▶ **Exercise directions**
Once the images are set aside, write out the rest of the records exactly.

▶ **Recorded data**
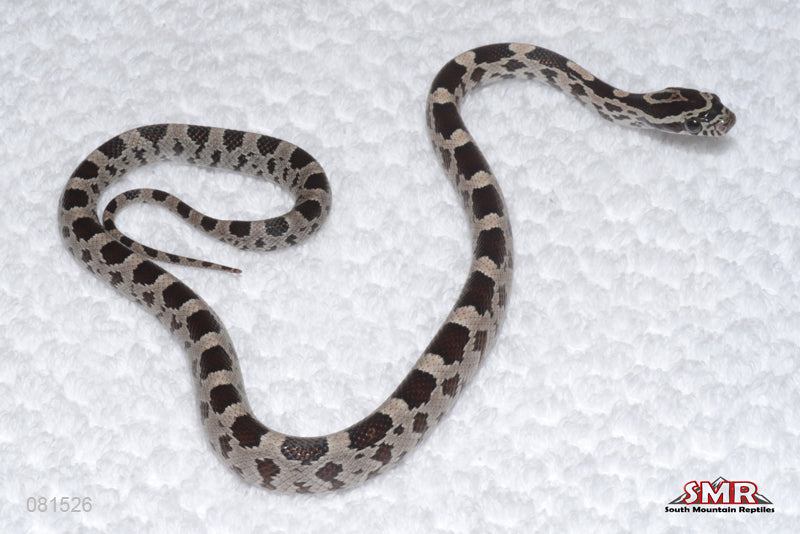 Miami Morph Female for sale by South Mountain Reptiles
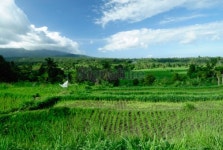 Ricefield landscape 이미지 (97656134) - 게티이미지뱅크 Ricefield landscape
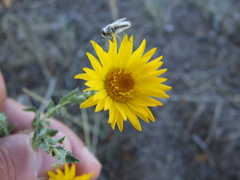 Grindelia brachystephana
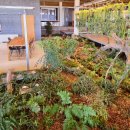 맛있는 궁전반찬 | 진천 숨은 맛집 궁중한정식‘신궁전’부터 치유의숲까지, 엄마 생일여행 후기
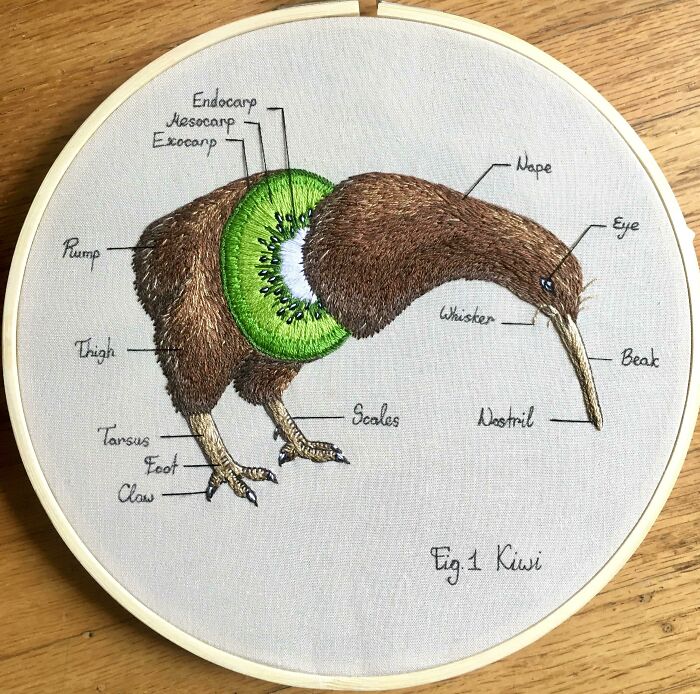 Creative Embroidery Work Photos Shared By Reddit Group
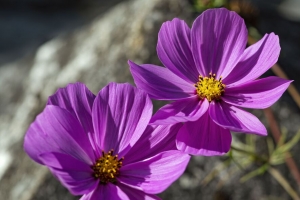宇宙 花 花瓣 宏观 紫色 春天 4k壁纸 3840x2160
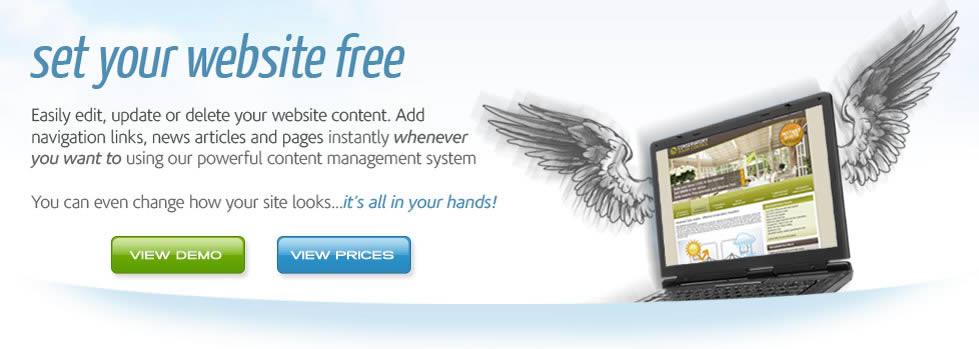 Affordable CMS Websites - Web Content Management System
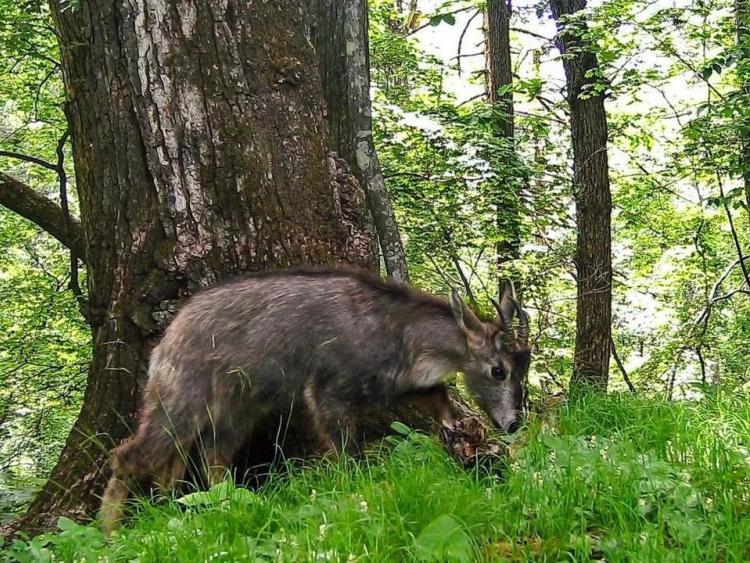 Амурский горал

▶ **Solution for this task**
 Miami Morph Female for sale by South Mountain Reptiles
 Ricefield landscape 이미지 (97656134) - 게티이미지뱅크 Ricefield landscape
 Grindelia brachystephana
 맛있는 궁전반찬 | 진천 숨은 맛집 궁중한정식‘신궁전’부터 치유의숲까지, 엄마 생일여행 후기
 Creative Embroidery Work Photos Shared By Reddit Group
宇宙 花 花瓣 宏观 紫色 春天 4k壁纸 3840x2160
 Affordable CMS Websites - Web Content Management System
 Амурский горал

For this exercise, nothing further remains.